WHAT YOU HAVE TO DO -
Repeat exactly the lines running from the first line of the data to the line containing "This is a short", both ends included, and nothing else; drop the pictures.

Saved data entries -
_ _ _ _ _ _ _

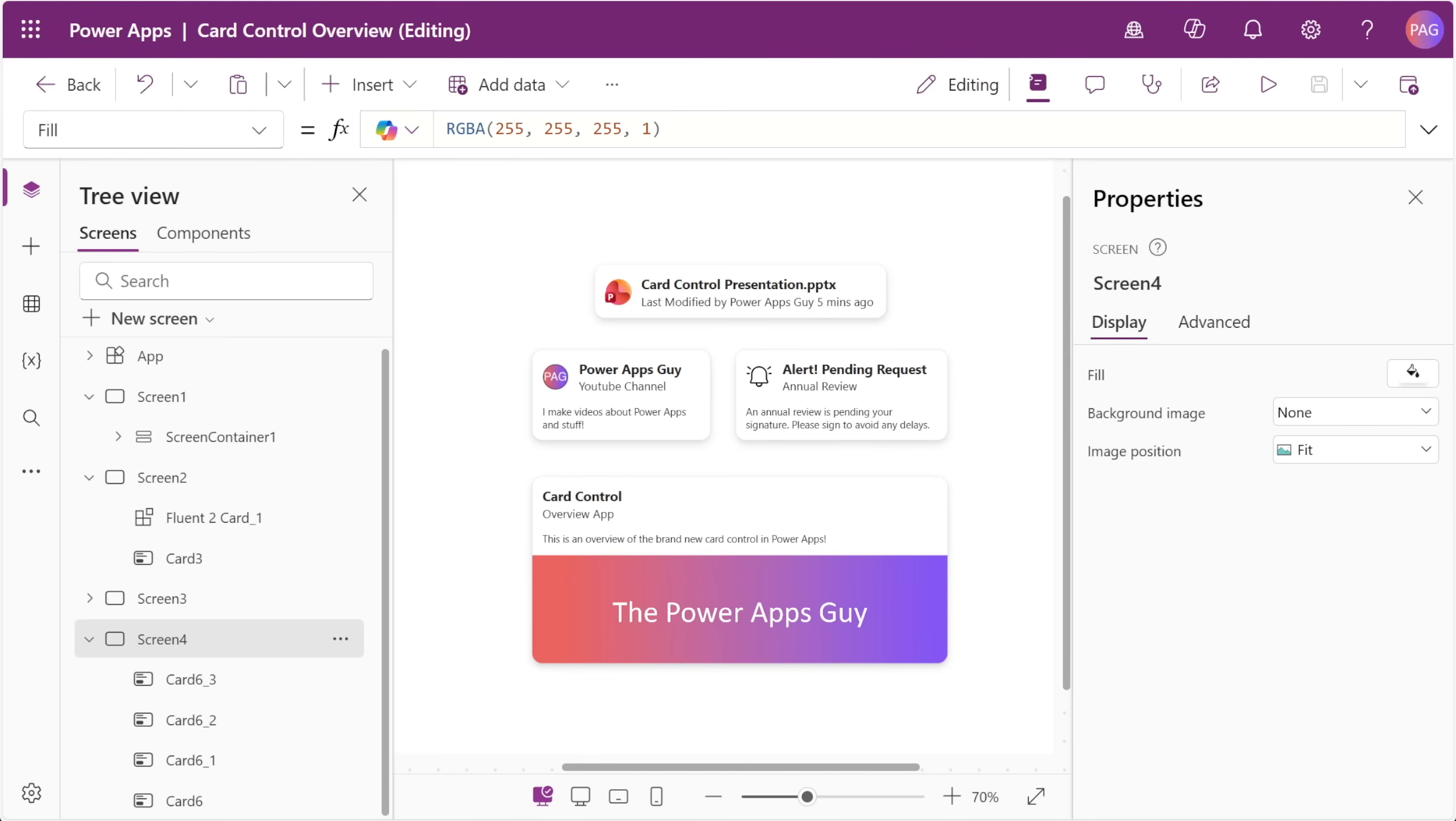We can't really say if those features are in the cards, but regardless I think this new control is pretty solid and it shows a great direction that PowerApps is heading in with some more modern controls that are directly pulled from Fluent 2 design.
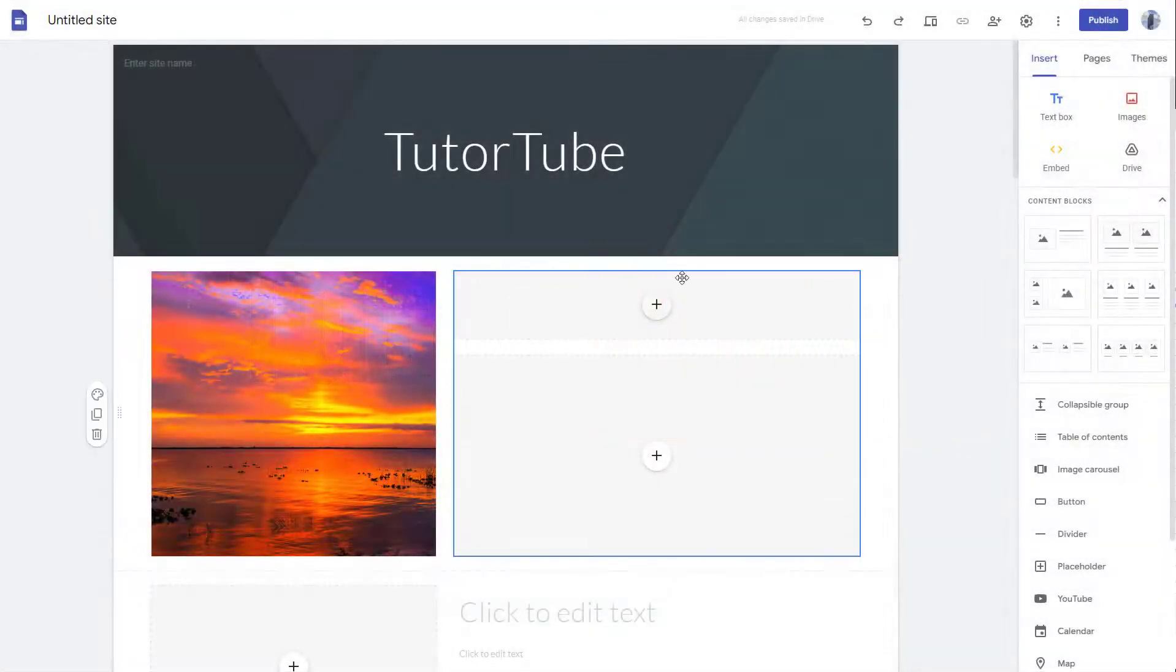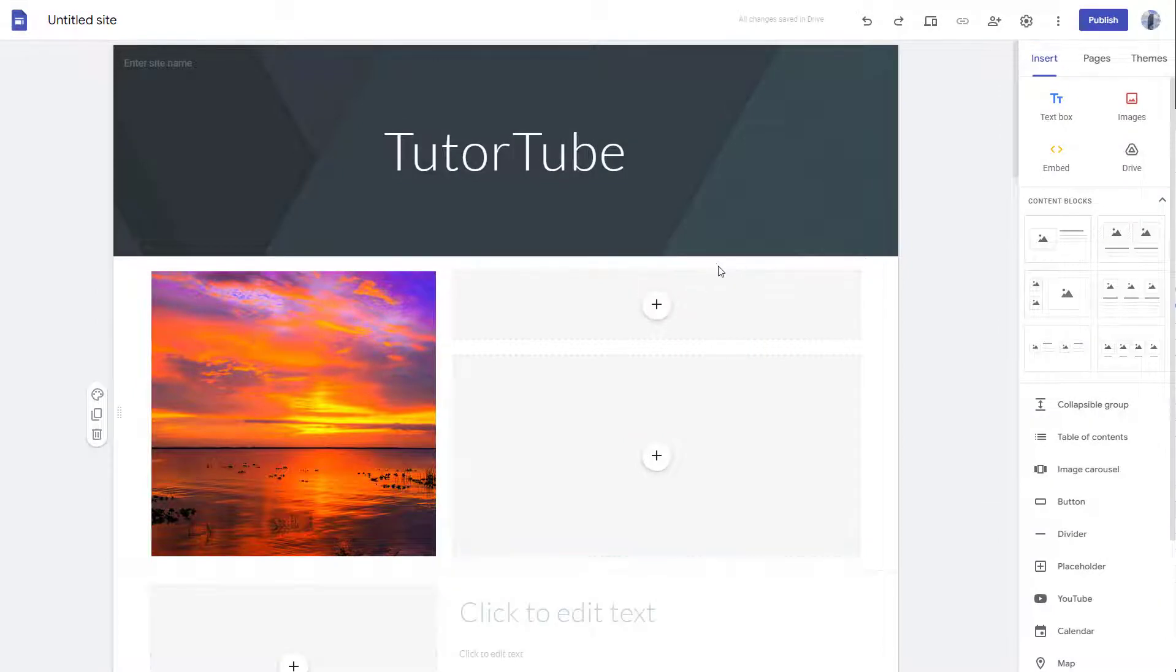You can also easily insert charts inside of Google Sites. So for that, first of all, you have to make charts using Google Sheets and save it onto your Google Drive.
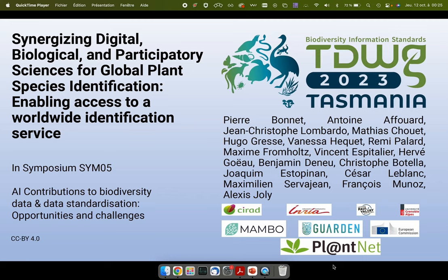My name is Pierre Bonnet. I'm a botanist working at the French Research Center in Agriculture for Development and I'm pleased to present today the recent work that we conduct in my research group on the development of a global plant species identification service.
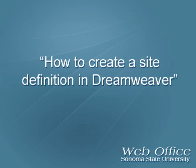This is a short tutorial on how to set up a site definition in Dreamweaver so that you can edit and manage websites here at Sonoma State.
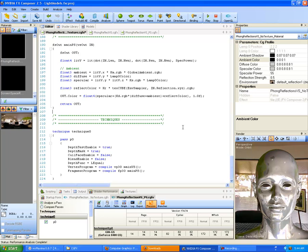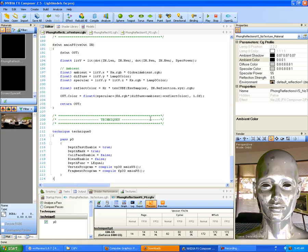Down to techniques — this isn't really anything different from before. In the pixel shader we just don't have some of those other attributes being calculated per pixel since we moved them to per vertex. Technique, technique0, pass p0: depth test enable true, depth mask true, cull face enable false, blend enable false, depth function lequal. Then vertex program compile vp30 main_vs(); fragment program compile fp30 main_ps(). If you haven't taken this from the other shader, just change the 40 to a 30 and you're good to go. Don't forget to save and compile — and there we are.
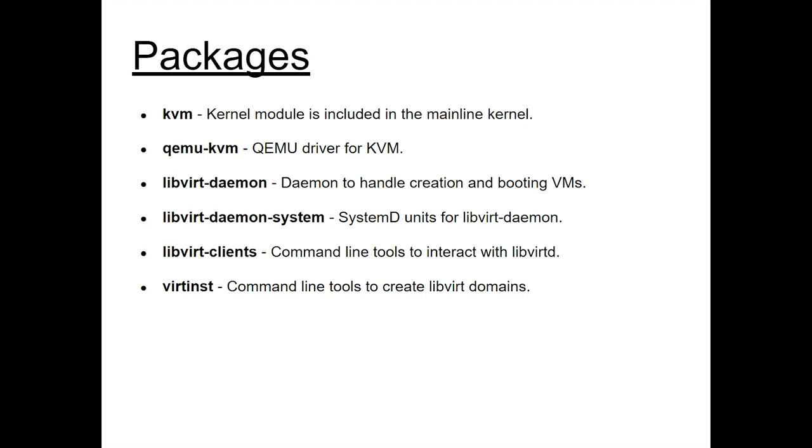So KVM is actually a kernel module, and that hasn't been included in the main line for quite a while now. So if you look on your system, chances are that kernel module is already there. QEMU KVM is the binary to run a KVM virtual machine using QEMU. That installs most of the QEMU packages along with KVM. Libvertdaemon is what allows us to run virtual machines. So libvertdaemon runs as a daemon, and then we interface with it through a socket. So the advantage of that is the libvertdaemon gets the permissions to actually run with your hardware, to interface with your hardware, and then you can delegate those permissions to interface with libvert and the daemon separately from actually interfacing with the hardware.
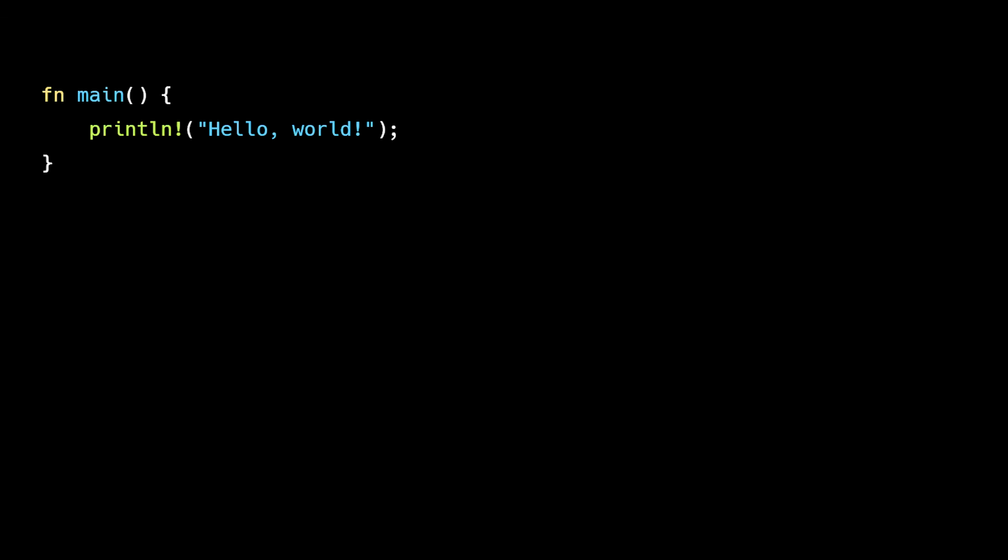Looks straightforward, right? Just a main function and a print statement. But this is not what the compiler sees.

_ _ _ _ _ _ _

EXERCISE ANSWER -
We can't really say if those features are in the cards, but regardless I think this new control is pretty solid and it shows a great direction that PowerApps is heading in with some more modern controls that are directly pulled from Fluent 2 design.
You can also easily insert charts inside of Google Sites. So for that, first of all, you have to make charts using Google Sheets and save it onto your Google Drive.
My name is Pierre Bonnet. I'm a botanist working at the French Research Center in Agriculture for Development and I'm pleased to present today the recent work that we conduct in my research group on the development of a global plant species identification service.
This is a short tutorial on how to set up a site definition in Dreamweaver so that you can edit and manage websites here at Sonoma State.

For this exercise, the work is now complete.